Thursday, September 10, 2009

Seasons of Life

Today as our church buries one of our own, I am reflecting on the seasons of life. We do not get to choose how we come into this world or (usually) how or when we exit; these are simply seasons of this life.

One dies, another is born.

One suffers, another celebrates.

In the midst of struggle, someone is victorious.

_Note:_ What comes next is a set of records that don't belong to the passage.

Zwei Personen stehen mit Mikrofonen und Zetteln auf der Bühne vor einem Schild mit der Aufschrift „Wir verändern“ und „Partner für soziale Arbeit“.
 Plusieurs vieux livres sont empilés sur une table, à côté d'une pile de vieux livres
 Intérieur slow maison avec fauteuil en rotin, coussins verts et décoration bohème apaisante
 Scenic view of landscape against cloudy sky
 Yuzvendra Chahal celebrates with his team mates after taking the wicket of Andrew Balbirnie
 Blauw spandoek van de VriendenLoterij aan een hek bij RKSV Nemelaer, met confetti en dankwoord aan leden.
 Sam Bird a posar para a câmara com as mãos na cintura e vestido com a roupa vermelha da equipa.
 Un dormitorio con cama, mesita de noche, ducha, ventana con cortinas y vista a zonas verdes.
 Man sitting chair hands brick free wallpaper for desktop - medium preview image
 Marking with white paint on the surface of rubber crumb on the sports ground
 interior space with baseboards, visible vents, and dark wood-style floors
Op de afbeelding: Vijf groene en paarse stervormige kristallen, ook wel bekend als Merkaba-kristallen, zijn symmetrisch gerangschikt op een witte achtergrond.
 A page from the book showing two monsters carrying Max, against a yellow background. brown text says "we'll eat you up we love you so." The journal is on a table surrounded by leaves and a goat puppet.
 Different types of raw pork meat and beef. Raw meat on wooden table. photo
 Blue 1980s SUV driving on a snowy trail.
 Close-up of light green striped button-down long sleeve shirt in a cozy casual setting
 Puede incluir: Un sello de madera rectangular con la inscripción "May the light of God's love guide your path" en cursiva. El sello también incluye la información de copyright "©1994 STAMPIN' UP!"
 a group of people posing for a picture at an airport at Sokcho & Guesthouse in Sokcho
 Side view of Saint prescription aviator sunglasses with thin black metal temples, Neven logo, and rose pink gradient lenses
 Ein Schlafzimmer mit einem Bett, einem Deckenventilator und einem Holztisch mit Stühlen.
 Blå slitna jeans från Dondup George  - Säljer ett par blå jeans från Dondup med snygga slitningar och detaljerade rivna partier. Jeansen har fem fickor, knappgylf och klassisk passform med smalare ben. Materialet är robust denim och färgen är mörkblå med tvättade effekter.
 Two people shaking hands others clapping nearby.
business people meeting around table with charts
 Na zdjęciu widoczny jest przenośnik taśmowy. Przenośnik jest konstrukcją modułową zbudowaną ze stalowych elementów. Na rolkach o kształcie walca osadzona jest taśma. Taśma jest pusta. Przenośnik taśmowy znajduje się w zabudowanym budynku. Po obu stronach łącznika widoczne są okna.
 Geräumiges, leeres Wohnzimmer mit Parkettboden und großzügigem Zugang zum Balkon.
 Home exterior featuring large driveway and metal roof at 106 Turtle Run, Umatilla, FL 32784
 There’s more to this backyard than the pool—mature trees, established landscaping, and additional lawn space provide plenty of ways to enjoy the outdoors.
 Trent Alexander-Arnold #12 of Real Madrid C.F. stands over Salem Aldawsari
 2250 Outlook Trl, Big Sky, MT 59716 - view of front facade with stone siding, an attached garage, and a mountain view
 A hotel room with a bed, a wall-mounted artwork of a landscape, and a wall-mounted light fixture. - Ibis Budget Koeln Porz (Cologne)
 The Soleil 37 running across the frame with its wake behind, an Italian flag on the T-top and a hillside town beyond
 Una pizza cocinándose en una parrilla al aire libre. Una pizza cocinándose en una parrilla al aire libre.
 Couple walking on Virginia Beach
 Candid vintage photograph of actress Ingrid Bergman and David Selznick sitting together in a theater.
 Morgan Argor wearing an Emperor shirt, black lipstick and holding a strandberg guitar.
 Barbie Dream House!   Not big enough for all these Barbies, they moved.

One of the strangest things to contemplate is how life goes on, unaffected. When a funeral falls on a sunny day... (I vividly remember the bright blue sky on the day of Troy Simpson's funeral, which turned out to be a horrific day in the life of our country - September 11, 2001). A wedding party takes pictures in a park, while businessmen rush by, needing to finish up Friday's work (on Saturday), oblivious to the celebration happening in front of them. A funeral procession comes by, and traffic stops (or doesn't stop) and drivers wonder, "Who was that? Maybe someone I knew?"

And life goes on.

If this world were all there was, I think I would be overwhelmed with grief. Life would be meaningless; even the greatest legacy we could leave would not be enough. But this world is not all there is, and for that I am grateful.

2 comments:

Unknown said...

Me too.

Big Mama said...

yeah, I remember so vividly how I felt on the way to Eddies's funeral that everything was going on just as before when my heart was breaking.. And yet, life goes on. You're right: we have so much to look forward to; just not necessarily in this life. I do think if everything was known about Heaven, too many people wouldn't want to live here at all! And forgive me if I am not making sense: still have jet lag and am trying to stay awake a bit longer!!